▶ _What the task requires_:
Drop the pictures and extract exactly the lines from the one that contains "Lycaena tityrus - barna tűzlepke" through the end of the material.

▶ _Given information_:
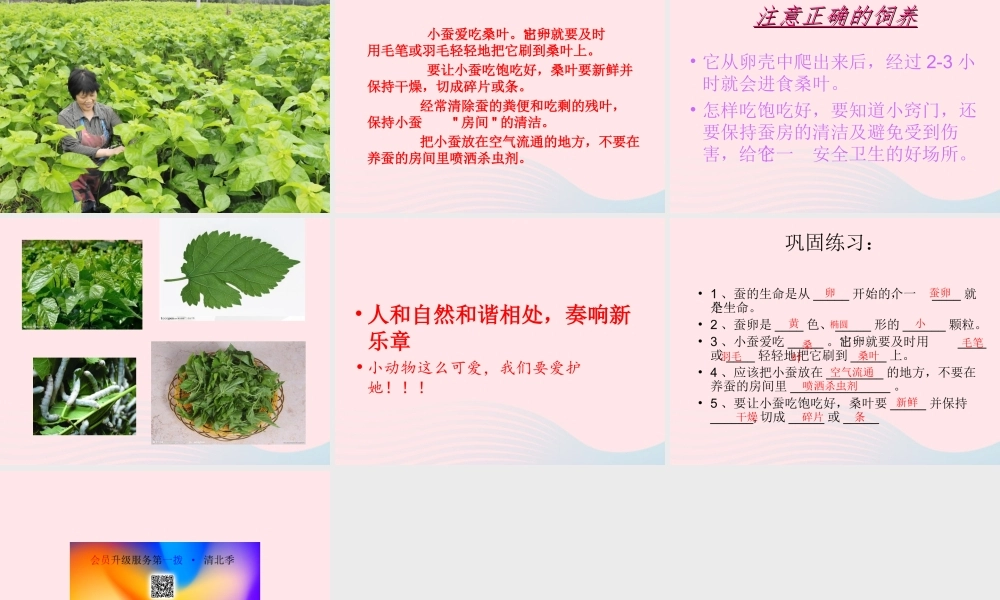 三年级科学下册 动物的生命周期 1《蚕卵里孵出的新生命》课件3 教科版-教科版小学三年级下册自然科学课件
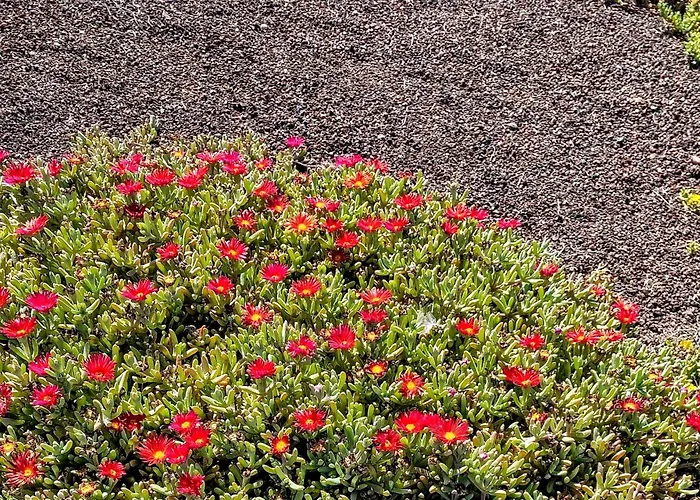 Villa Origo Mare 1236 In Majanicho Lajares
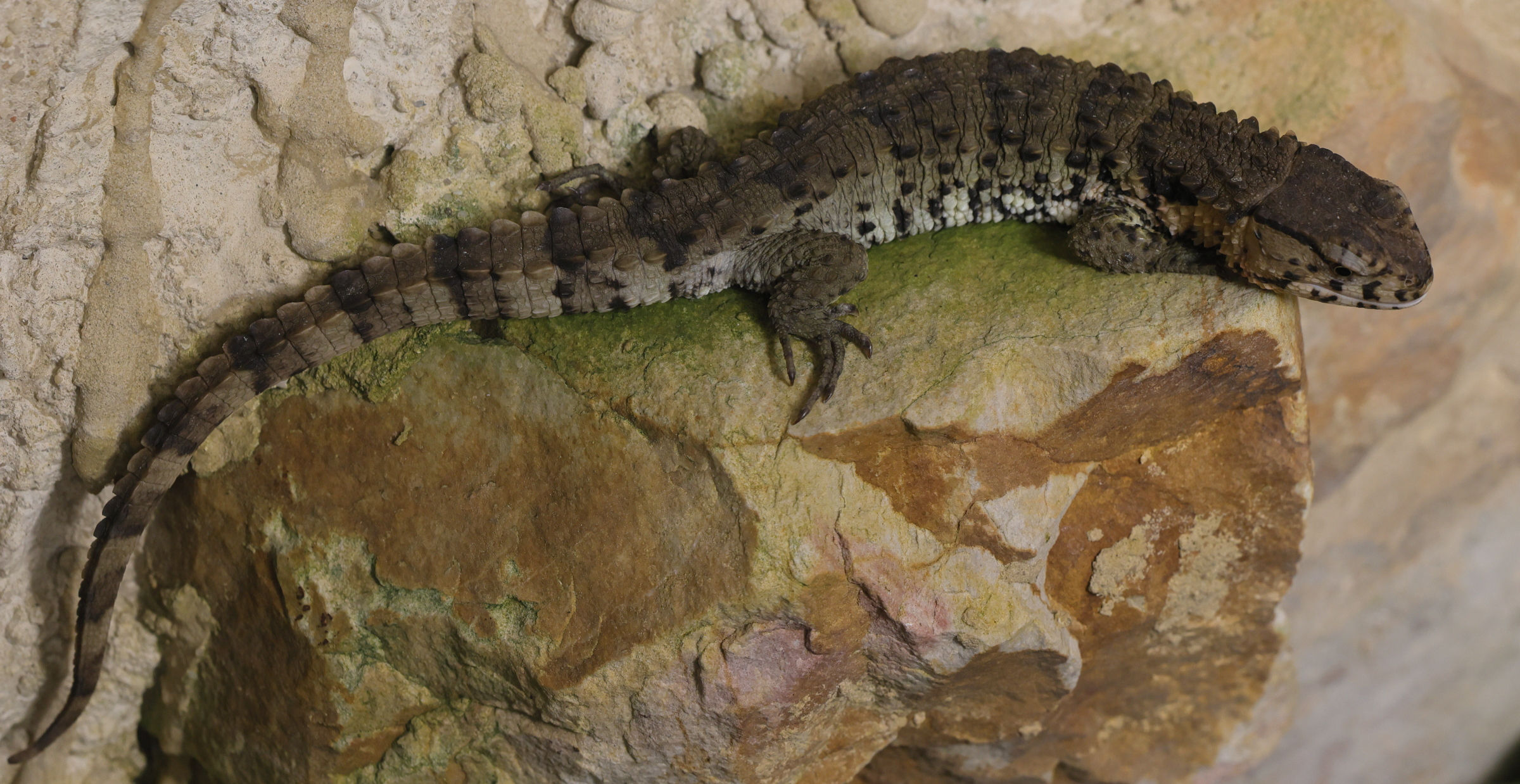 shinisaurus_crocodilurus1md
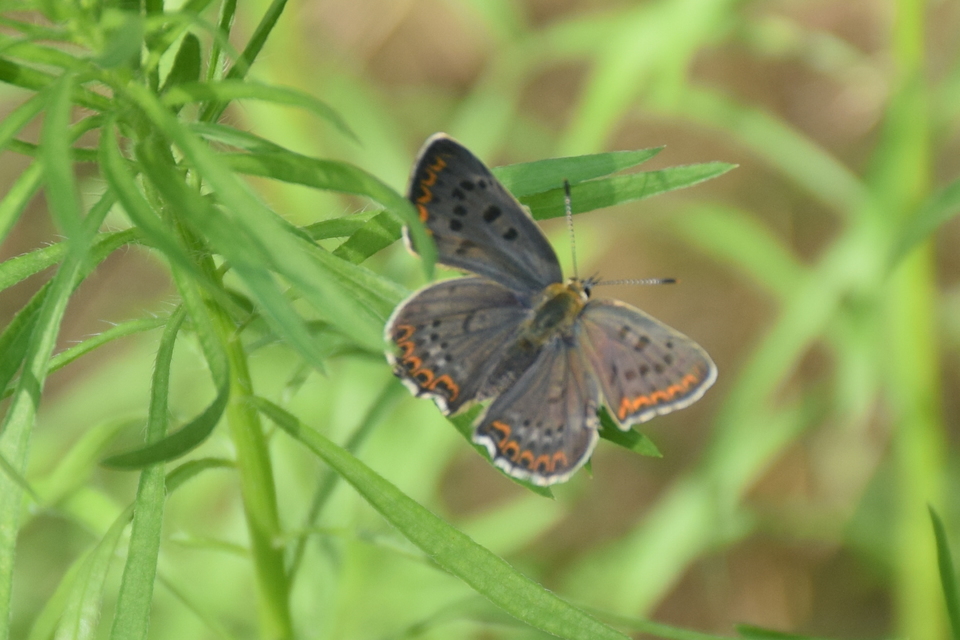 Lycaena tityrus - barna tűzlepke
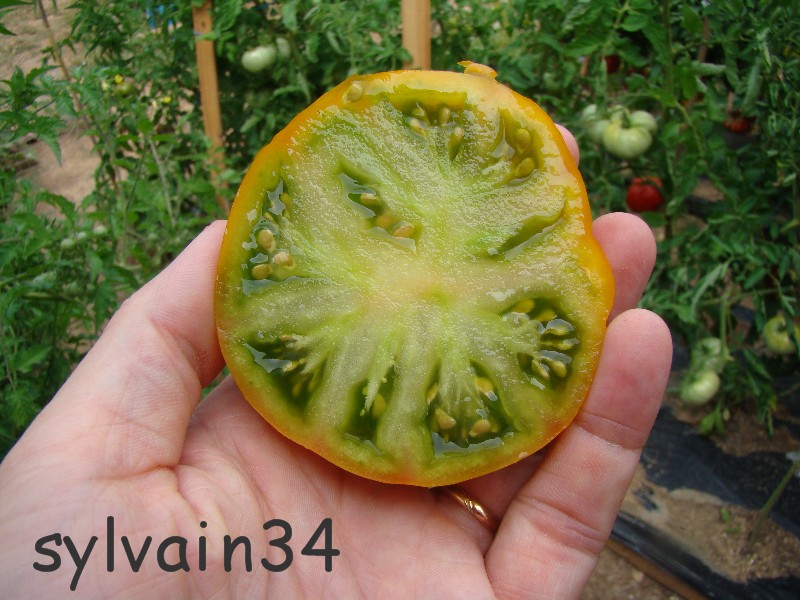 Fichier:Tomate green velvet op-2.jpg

▶ _Solution_:
 Lycaena tityrus - barna tűzlepke
 Fichier:Tomate green velvet op-2.jpg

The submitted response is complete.